Predictive Consistency as a Gate
A practical rule emerges:
Only promote experiments to full-scale training if their behavior on the sample is stable, interpretable, and directionally correct.
This includes:
- Consistent ranking across runs
- Sensible error distributions
- No reliance on pathological segments
This gating mechanism dramatically reduces wasted compute.
Operationalizing This Pattern
In practice, this approach becomes a standard workflow.
Dataset Versions as First-Class Artifacts
Maintain explicit dataset variants:
liquor_sales_fullliquor_sales_sample_randomliquor_sales_sample_stratified_v1
Each version is documented, reproducible, and treated as immutable once validated.
Sampling as Code, Not a One-Off Query
Sampling logic should be version-controlled and deterministic:
def build_stratified_sample(df, seed):
df = add_strata_columns(df)
return stratified_sample(
df,
strata=["county_bucket", "day_of_week", "store_volume_tier"],
frac=0.01,
random_state=seed
)This ensures that experiments remain comparable over time and across team members.
Model Development Loop
With this structure in place, the loop becomes:
- Modify features or model
- Train on stratified sample
- Analyze metrics and errors
- Promote or discard
- Occasionally validate on full dataset
This loop encourages curiosity while preserving rigor.
Practical Checks and Pitfalls
- Check leakage: confirm no overlap in the grouping key (
store_number,vendor_number, oritem_number) across train and validation - Check distributional similarity: compare sales dollar histograms, store activity, and vendor/item popularity between splits
- Beware cold-start extremes: a store-grouped split is strict (all stores in validation are unseen). If that’s too harsh for your objective, consider time-based splits or allow mild overlap but block only the most leakage-prone entities
- Keep time in mind: for temporal systems, a forward-chaining (past→future) split may be more faithful than pure random
- Iterate the fraction: start around 1% for dev so quick experiments stay faithful to the full data. If your training loop is too slow, go smaller; if your metrics are too noisy, go bigger
Why This Scales Organizationally
This pattern scales beyond a single practitioner. It enables:
- Parallel experimentation without runaway costs
- Shared understanding of what “good” looks like
- Faster onboarding for new team members
- Reproducible research across environments
Most importantly, it shifts the culture from compute-first to thinking-first.
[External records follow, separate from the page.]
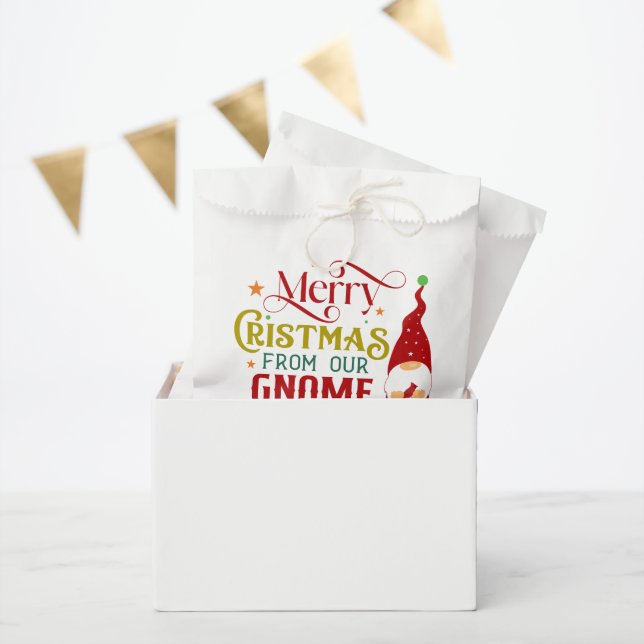 Merry Christmas From Our Gnome To Yours Favour Bags (Party)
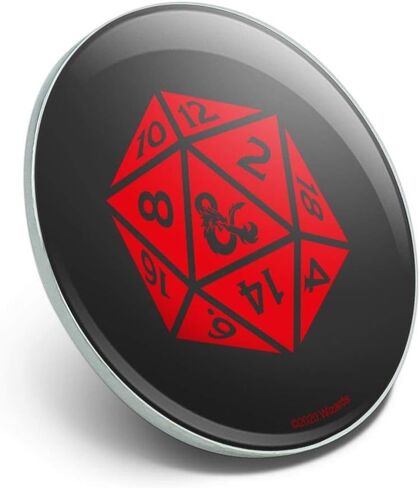 الزنزانات والتنينات d20 النرد المعدني 1.1 بوصة ربطة عنق قبعة طية صدر السترة Pinback in Saudi Arabia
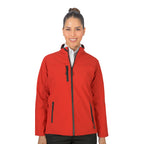 Chamarra Shell Rib Dama Rojo B1765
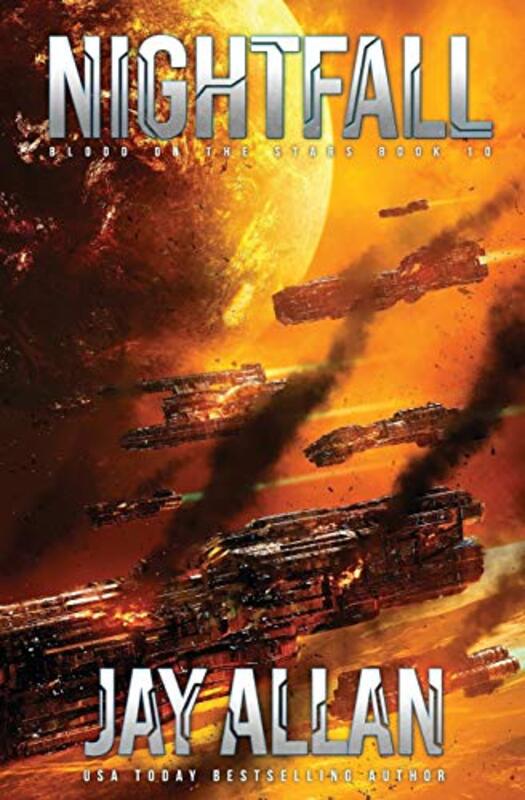 Book cover for "Nightfall" by Jay Allan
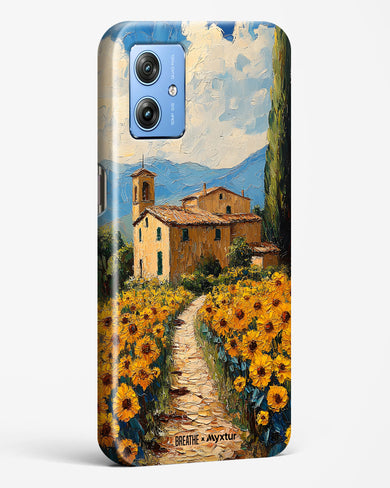 Sunflower Vale [BREATHE] Hard Case Phone Cover (Motorola)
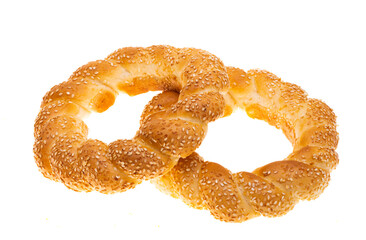 turkish bagel isolated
Conclusion: Dataset Design Is Model Design
As datasets grow larger, the limiting factor in machine learning is no longer access to data or compute. It is the speed at which we can learn from our experiments.
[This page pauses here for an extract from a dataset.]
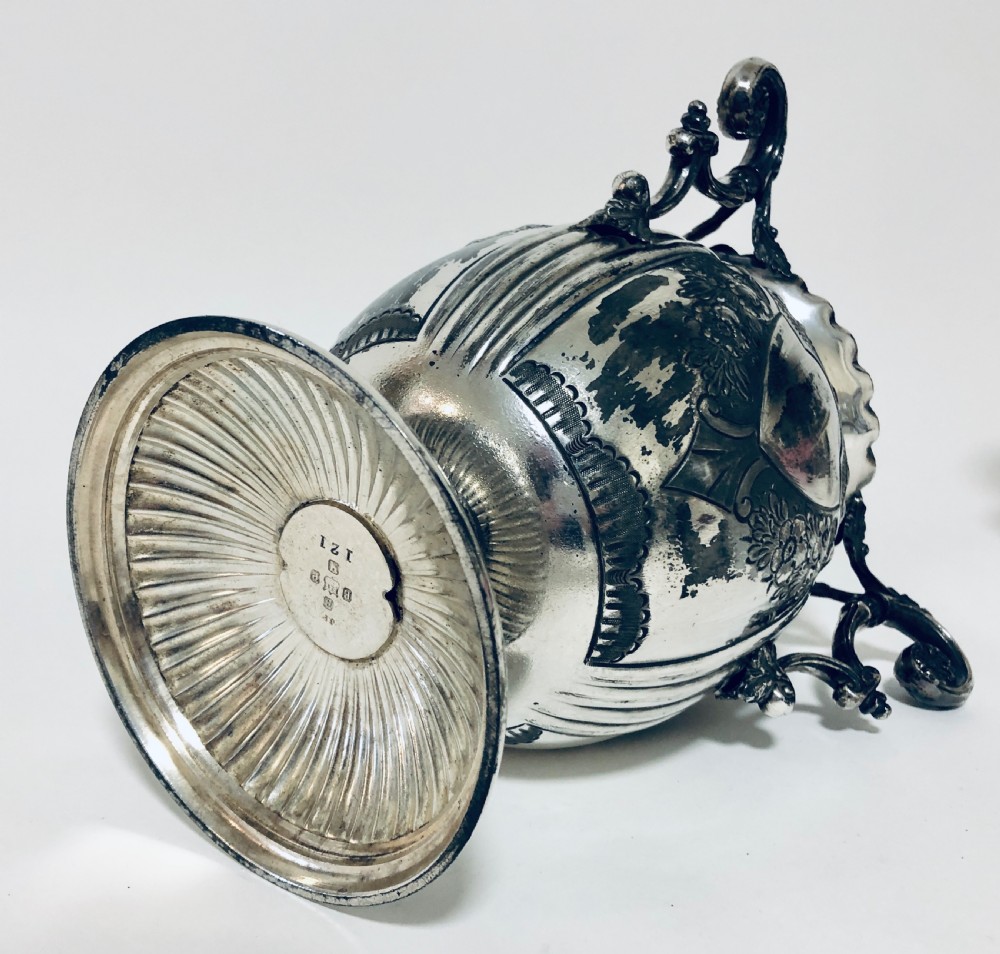 Victorian Silver Plated Evered's Oil Lamp View XV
Training on full datasets by default slows iteration, encourages false confidence, and makes experimentation brittle. Naïve random sampling restores speed, but often at the cost of representativeness, quietly distorting the very signals we are trying to learn from.
The solution is not to choose between scale and speed, but to design datasets intentionally.
By treating sampling as an experimental design problem, we can construct datasets that are both workable and representative. Stratified sampling allows us to preserve the structural properties of the population while dramatically reducing computational cost. The result is a development loop that is fast, honest, and predictive of full-scale behavior.
The Polling Analogy
The polling analogy is instructive. No one mistakes a poll for an election result, but no serious decision-maker ignores polling data either. Representative samples narrow uncertainty early, allowing attention and resources to be focused where they matter most. In machine learning, they serve the same role: guiding experimentation, ranking ideas, and revealing failure modes before scale amplifies them.
The Key Takeaway
Sampling is not a shortcut. It is a discipline.
A well-designed sample does not replace full-dataset training. It makes full-dataset training count.
By elevating dataset construction to a first-class modeling decision, we shift from compute-driven development to insight-driven development. That shift compounds over time, across teams, and across projects.
Good models begin with good experiments. Good experiments begin with good datasets.